So Adam and Ian don’t feel like they play enough D&D. To rectify this, they started playing a text-based adventure with a couple of friends, still using the 5th edition framework. We thought it would be fun to clean up the transcripts of this adventure and start publishing it in weekly chapters here on the site. Let us know what you think, and please share around! If you missed Chapter 1, check it out here!
Disclaimer: This is the transcript of a text-based D&D game played over a period of 6 months. Bad language included. Picture based dice rolls/media omitted. Names changed to preserve anonymity. Goblin based violence frequent. You have been warned. If you missed Chapter 19, find it here!
Bronan: Hmm you think this all of them?
Constance: Nah they must have come from somewhere
DM: Can give a wee perception roll before heading further downriver
Bronan: 17
DM: Superb
DM: Bronan, at the edge of your sight you see a crack in the side of the river wall, about four foot high
DM: The entrance is strewn with garbage
DM: As you peer closer, something slinks into the crack
Constance: 11
DM: Constance you can’t see anything approaching behind you
DM: And as before the high walls middle any sounds from the street/building
Bronan: Crack in wall! Turn around and be on guard Constance. Bronan come! (Bronan moves to place himself between Constance and the threat
DM: Okay, so you are back to bronan, Constance with a torch, and then faustus at the back?
Faustus: Sure
DM: What’s the plan boyos
Constance: Have we got torches?
DM: I thought you had one lit between you?
Bronan: Yup. And I have 3 more
Bronan: Lets look at crack, maybe fill it with rock
DM: Okay, as you shine your light at the crack you can see this is clearly the nest
DM: Amongst strewn bones and rubbish and filth, a gnawed skeleton in green robes lies, clutching a wand and a spellbook
DM: Behind it, a monster!
Bronan: What is the monster doing? If it’s threatening Bronan will charge, if it’s just using Microsoft Bing, he’ll think before charging
DM: It’s snarling
DM: Will send a pic shortly
DM: (oops. sent a fucking dire rat picture to my girlfriend. Hi honey)
DM: You see this beast, gleaming with strange arcane energy and covered in odd spines and nodules, and it retreats back to the furthest reaches of the chasm and hisses at you
Constance: (HAHAHAHHAHA)
Faustus: (Hahaha)
Bronan: (I laughed out loud)
Bronan: (Let’s hope it doesn’t lead to pet shopping!)

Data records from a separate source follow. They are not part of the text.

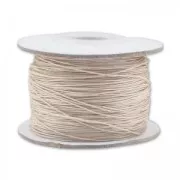 Braided nylon thread 0.5mm Beige x150m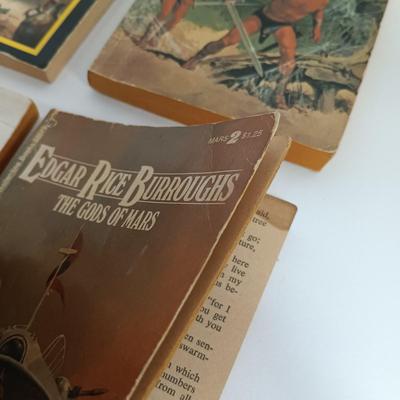 LOT 114: Vintage Edgar Rice Burroughs Collection- A Princess of Mars 1970, Carson of Venus 1963 & More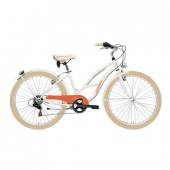 Bicicleta de oras Adriatica Cruiser Lady 26 6V, alba, 45 cm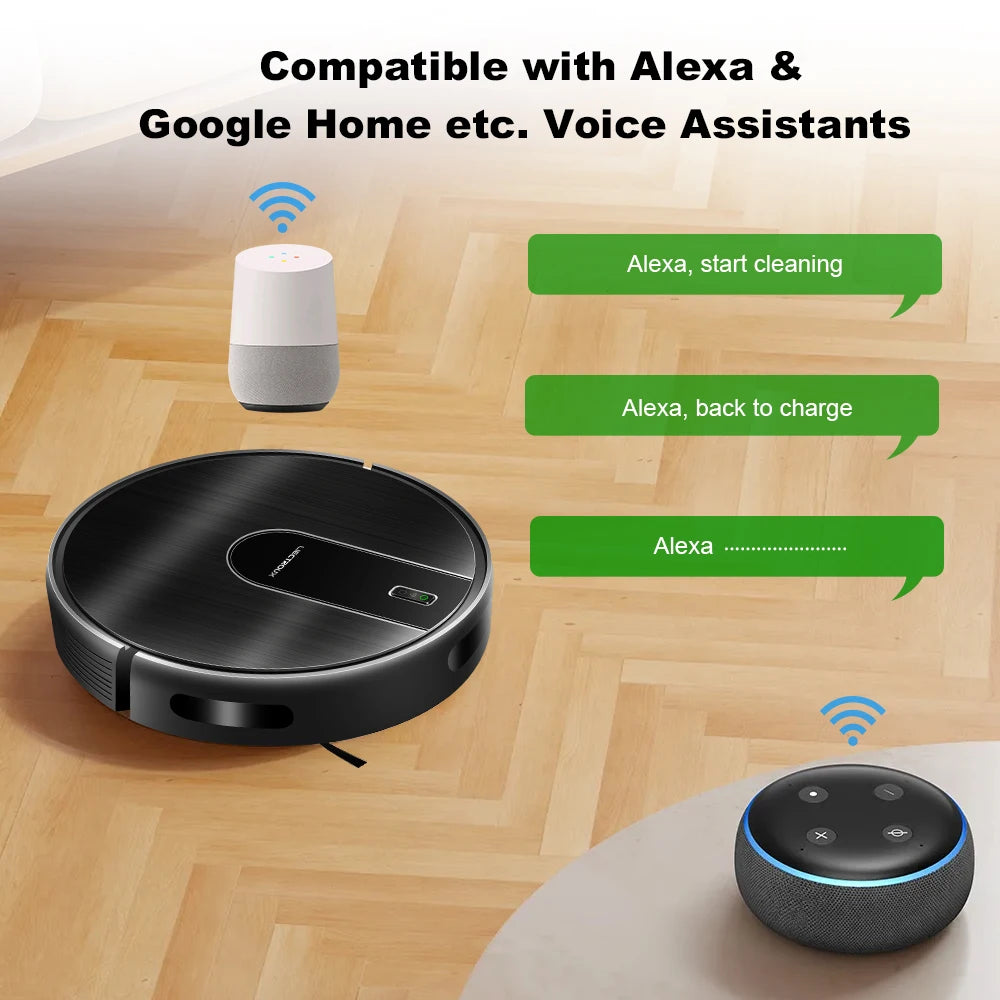 Robot Vacuum Cleaner LIECTROUX N7S-U,Smart Mapping,WiFi App,6KPa,5200MAH ,Brushless Motor,Ideal for Pet Hair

Bronan: Bronan is gonna run and try to hit it with the beers
DM: Attack roll, with disadvantage because you are fighting in a 4ft high cave crack thing
Bronan: It’s a 12
DM: You miss, your hammer thwacking against broken stone and earth
Bronan: (were that I a halfling)
DM: Aye, Constance, what do ye? Faustus?
Constance: Is there enough space for us all in this crack?
DM: Yeah it goes 10 ft back but only 4 ft high
DM: Don’t think you can get past bronan though!
Bronan: He’s a leg wriggled!
Bronan: Wriggled!
Bronan: Goddamn autocorrect, wriggler
Constance: I’m a halfling. I can move everywhere!
Constance: Bronan feels a tickle in his nether regions and looks down to see a head protruding from between his legs and a hand darts out loosing a poison dart before disappearing again.
Constance: Ah crap. 7 to hit
Bronan: Sir dribbles snorts
DM: Misses
DM: Faustus, anything you want to do?
Faustus: I assume I can’t get to the thing?
DM: Hm. Probably not to be honest. Got anything ranged? Chuck a pebble at it?
Faustus: I’ve got a javelin, can I jab it with that around Bronan?
DM: Yup
Bronan: I picture Bronan doing a power squat rather than bending at the waist, again, perfect form
DM: Attack roll Faustus, disadvantaged though! Not an ideal battleground
Bronan: (Bronans butt in yo face!)
Faustus: 17 to hit was my lowest
DM: Superb
Faustus: So I think I’m going to make this a divine smite, so I add an extra d8 to the damage. And if it is undead lemme know, that’s another d8.
DM: It’s not undead
Constance: It’s 2d8 for first level plus an additional d8 if it’s undead
Faustus: Is it?
Constance: Literally just wrote a paladin character sheet
Faustus: Ah cool. The app writes it up weird.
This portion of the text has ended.